"A maioria dos homens emprega a metade da vida preparando a infelicidade da outra metade".
La Bruyère
No começo da história do ser, a vida é um prêmio.
No ato da fecundação, uns duzentos milhões de espermatozóides - células masculinas - penetram no corpo da mulher e, partindo na direção da trompa para alcançar o óvulo - célula feminina - apostam uma corrida de vida ou morte.
Excetuando-se os casos de gêmeos, apenas um, o mais forte, o mais ágil, vencendo barreiras e batendo o recorde de velocidade, alcança o óvulo e, penetrando-o, fecunda-o, nele se integrando para a formação de uma célula única: a pedra fundamental de um novo ser.
Ao vencedor, um prêmio, a Vida!
Os outros concorrentes morrem.
Conservar esta vida, então, é também um prêmio que será conferido ao mais forte, ao mais ágil, que há de viver esta vida que lhe foi dada até que ela se extinga naturalmente, seguindo o processo: nascer, crescer, amadurecer, envelhecer, morrer.
A marcha do tempo é inexorável.

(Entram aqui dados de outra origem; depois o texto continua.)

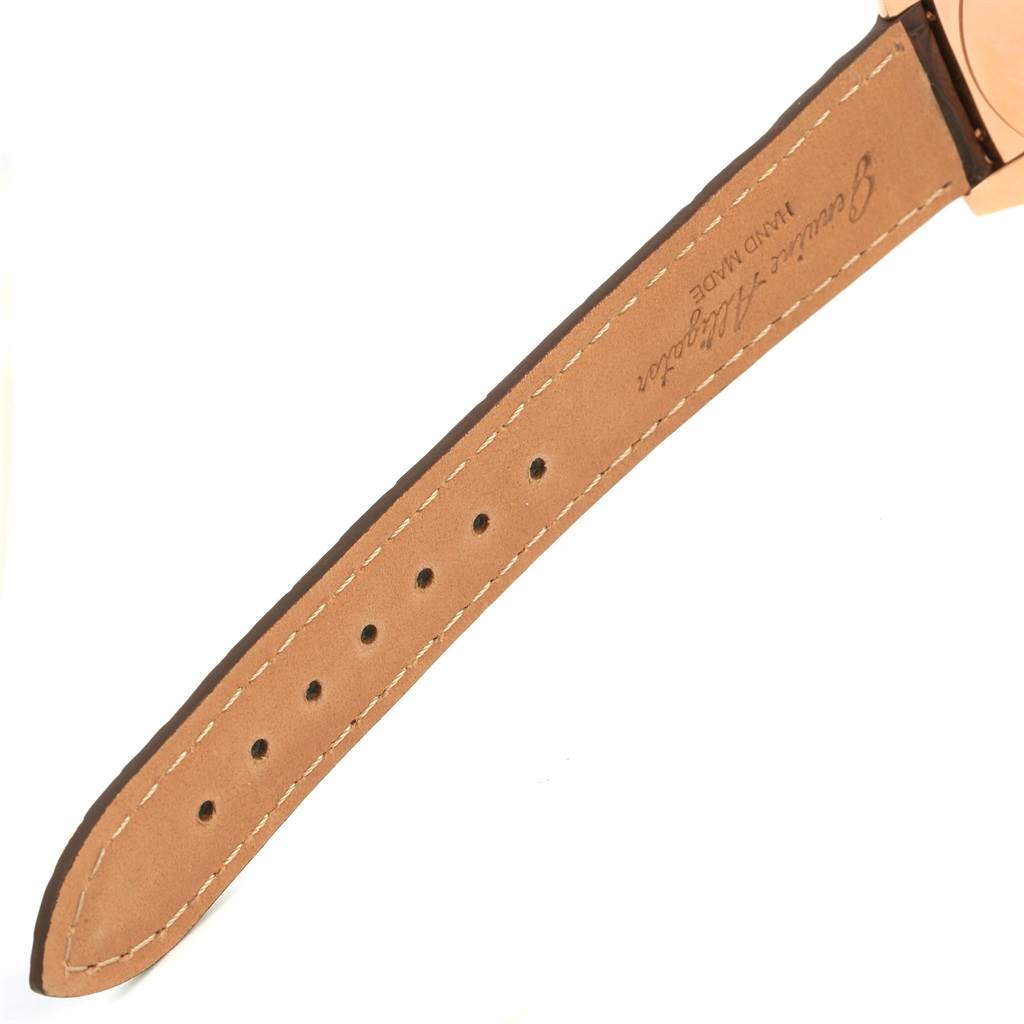 This image shows the leather strap of the Cellini model by Rolex, focused on the holes and stitching details.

Ninguém pode pará-la, como ninguém pode fazer com que ela retroceda ou se acelere, e a ninguém é concedida a possibilidade de fugir de nenhuma de suas etapas.
A partir do instante da fecundação, quando se forma uma única célula, já começa a luta pela sobrevivência do ser, na imediata e rápida multiplicação das células que, sendo a princípio uma unidade, hão de atingir a soma de trilhões para formar o inpíduo adulto.
Esta luta, francamente manifesta em todas as atitudes de um recém-nascido, que suga avidamente o seio materno, que grita exigindo a satisfação imediata de suas necessidades vitais básicas, deve ser contínua e árdua pala vida afora, na defesa da integridade física e mental do homem, em busca de um lugar ao sol.
Luta para muitos penosa, feita de sacrifícios, de renúncias, de sofrimentos.
Luta contra vicissitudes, doenças, perigos sem conta que ameaçam a cada passo dado ao longo da estrada.
Perigos que crescem com a civilização. Se entre os povos primitivos temiam-se as feras, hoje, na era tecnológica, estas ficam presas no jardim zoológico, mas as máquinas, não menos mortíferas, estão soltas no mundo civilizado.
E assim poderíamos resumir: o homem moderno constrói aquilo que pode destruí-lo.
Mas, por outro lado, cientistas do mundo inteiro lutam pela preservação da vida humana.
A Medicina e a Higiene, neste século, vêm dando verdadeiros saltos na conquista de uma vida mais longa e mais sadia para a humanidade.
Cada vez mais se há de adiar o prazo que temos para andar sobre esse chamado "vale de lágrimas".
Pois bem, lutamos pela vida, e ela não vale nada? Conquistamos, a duras penas, mais alguns anos de vida, e para quê?
De que servem as pesquisas no campo da Medicina e Higiene, no mundo inteiro, no sentido de se prolongar a vida, se não sabemos o que fazer desses anos?
Ainda mais: por que este período da vida que nos é concedido precisa ser visto e sentido como inútil, como razão de lamúrias, de desespero e de infelicidade?
Se envelhecer é uma desgraça, não deveríamos cantar, nos aniversários de pessoas a quem queremos bem, a musiquinha:
"Parabéns pra você,
Nesta data querida.
Muitas felicidades!
Muito anos de vida".
Envelhecer é soma de vida. É somar aniversários.
É viver mais. É ouvir esta cantiga por muitos e muitos anos.
"Muitos anos de vida" quer dizer velhice.
Não é um paradoxo que se considere a velhice um mal, e se deseje este mal a quem queremos bem?
Então seria mais certo e lógico que terminássemos cantando:
"...Poucos anos de vida!"
Vejamos claramente: se viver é um bem, envelhecer quer dizer que ainda se tem esse bem - a VIDA.
Se a ciêncica em seus avanços, acresenta mais anos a vida, devemos nós acrescentar mais vida a esses anos - como ensina o Dr. Jacques Menétrier:
"É só por incompreensão que os tornamos vazios."
Tudo se aprende, menos a viver.
Vamos crescendo, olhando uns para os outros, aprendendo uns com os outros, dando assim continuidade aos mesmos erros.
Aprender a envelhecer equivale a aprender a viver.
Roberto Carlos canta: "Obrigado senhor por mais um dia!"
Vamos fazer como ele e agradecer por cada dia.
Que pelo menos no começo da segunda metade da vida, possamos acertar o passo!